Les leçons économiques du Nord

Les débats économiques seraient moins nombreux si le monde passait plus de temps à observer ce qui fonctionne bien et ce qui ne fonctionne pas. Presque partout, des discussions houleuses ont eu lieu sur la manière de combiner les forces du marché à la sécurité sociale. La gauche appelle à une amplification de la protection sociale, tandis que la droite estime que cette amplification saperait la croissance économique et aggraverait les déficits fiscaux.

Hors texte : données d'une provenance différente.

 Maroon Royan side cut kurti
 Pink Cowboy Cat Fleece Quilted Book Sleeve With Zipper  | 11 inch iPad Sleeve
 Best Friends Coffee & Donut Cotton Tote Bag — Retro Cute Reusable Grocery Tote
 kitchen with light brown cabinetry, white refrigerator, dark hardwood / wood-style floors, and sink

Or, il est possible de faire avancer le débat en examinant de plus près le succès des économies danoise, finlandaise, islandaise, néerlandaise, norvégienne et suédoise. Bien qu’aucune expérience régionale ne soit directement transférable, les pays nordiques ont réussi à associer le bien-être social à de hauts niveaux de revenus, à une croissance économique solide et à une stabilité macroéconomique. Ces pays sont également dotés d’administrations publiques d’excellente qualité.

Bien sûr, il existe également des différences parmi les pays nordiques, les dépenses sociales étant plus élevées au Danemark, aux Pays-Bas, en Norvège et en Suède qu’en Finlande et en Islande. Néanmoins, alors que les impôts nationaux aux États-Unis équivalent à 20 % du PNB, le ratio est de plus de 30 % dans les pays nordiques.